I got on the road again and put in a ginger 40km to Paonta Sahib, settled down for a nice curry dinner, then headed out the other side of town and ducked down a small footpath for a camp spot, which turned out to be the hottest, sweatiest and most unpleasant of the trip. I did have fireflies to keep my company though. And prickly heat powder, which I owe a hell of a lot to!

The morning was wet and much cooler, allowing me to get off with ease despite only 45 minutes sleep. I made the decision not to go all the way to Kathmandu the day before, which meant I had reverted back to me previous plan of rnr in Rishiskesh, which was now only 85km away.

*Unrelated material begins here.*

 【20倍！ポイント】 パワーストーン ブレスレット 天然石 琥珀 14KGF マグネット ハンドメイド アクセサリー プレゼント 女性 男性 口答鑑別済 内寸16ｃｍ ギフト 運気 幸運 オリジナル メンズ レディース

The road to Rishikesh was relatively quiet and flat, with thick jungle and a host of angry monkeys. I got chased a fair few times, and one even lunged at me. I’m not sure what they were thinking when they saw me coming – a man on a big bicycle, but I didn’t hang around to find out. I narrowly out pedalled a pack of monkeys before my childish fascination with them turned into a distinct distrust and dislike for the little buggers.

Arriving in Rishikesh there were more monkeys than people, but they were a large degree tamer than before and more keen to pick pocket your fruit. I found a small ashram near the centre that wasn’t quite what I expected – just a small room in a largely empty complex, but it did for the night while I avoided the rain and ate more curry.